● DIRECTIONS FOR THIS TASK:
Leaving out the pictures, return word for word the stretch of entries below from the line holding "Mammillaria schiedeana 18120.jpg" through the line holding "Visitar Mount Healthy".

*** MATERIAL PROVIDED Section Begins ***

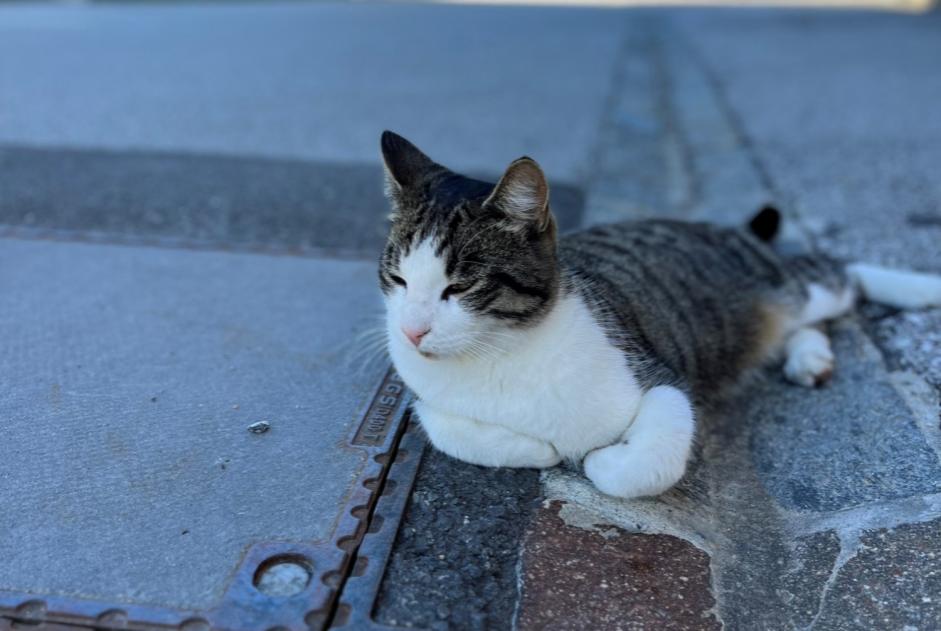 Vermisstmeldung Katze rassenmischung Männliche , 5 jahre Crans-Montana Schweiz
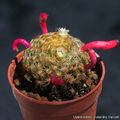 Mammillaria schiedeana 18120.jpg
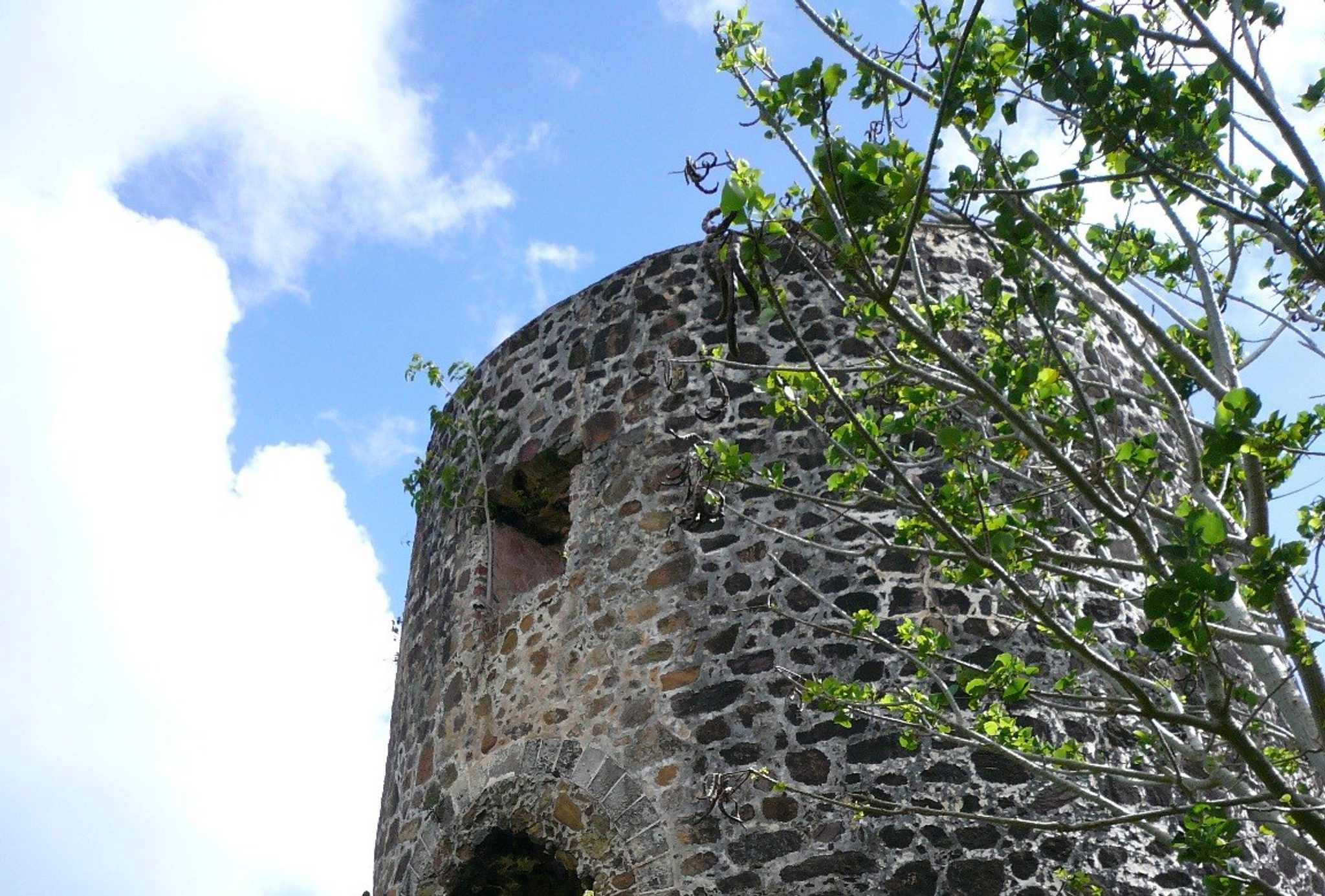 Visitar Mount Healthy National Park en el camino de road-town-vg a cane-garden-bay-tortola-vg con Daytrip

*** MATERIAL PROVIDED Section Ends ***
*** MATERIAL PROVIDED Section Begins ***

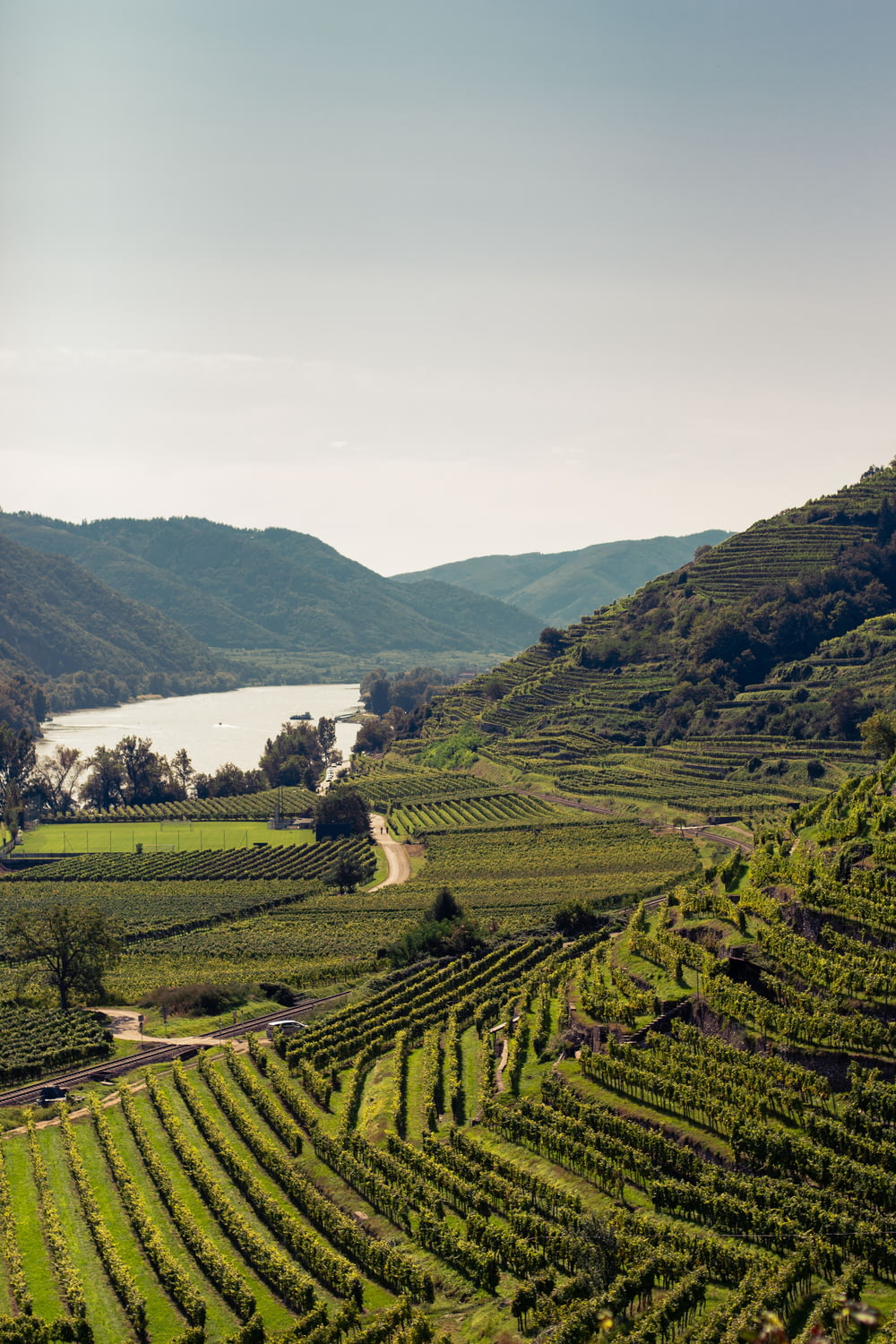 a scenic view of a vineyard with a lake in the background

*** MATERIAL PROVIDED Section Ends ***
*** MATERIAL PROVIDED Section Begins ***

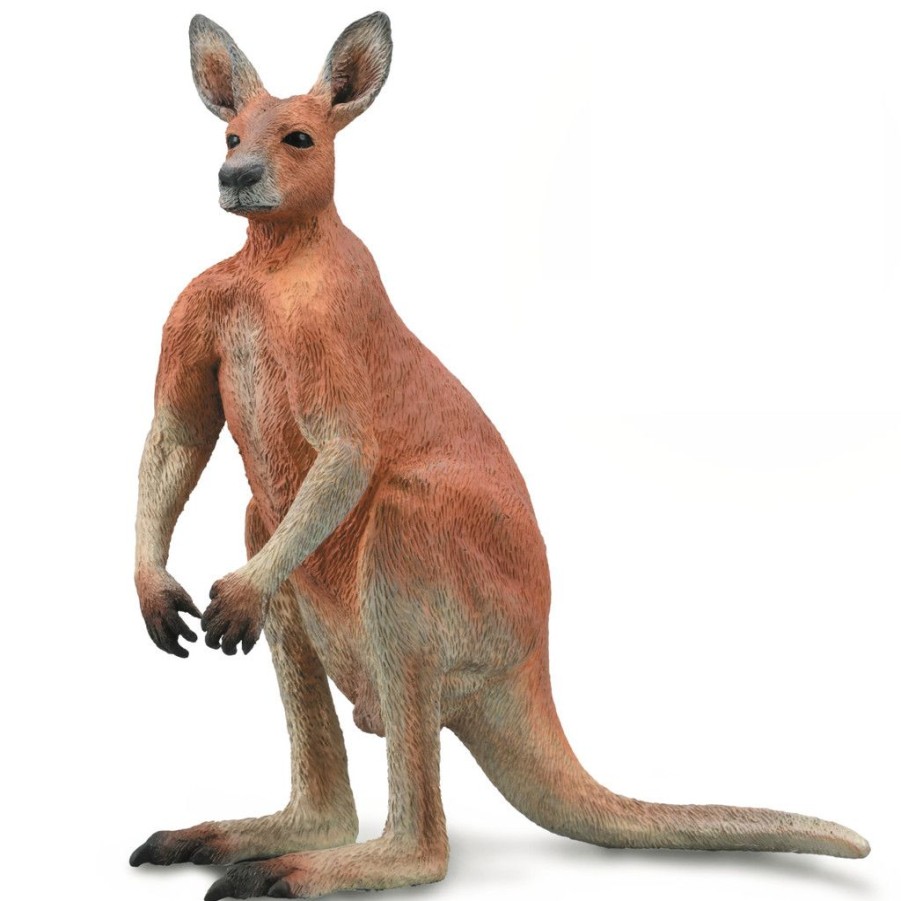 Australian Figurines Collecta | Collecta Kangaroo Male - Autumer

*** MATERIAL PROVIDED Section Ends ***

● REPLY TO THE EXERCISE:
 Mammillaria schiedeana 18120.jpg
 Visitar Mount Healthy National Park en el camino de road-town-vg a cane-garden-bay-tortola-vg con Daytrip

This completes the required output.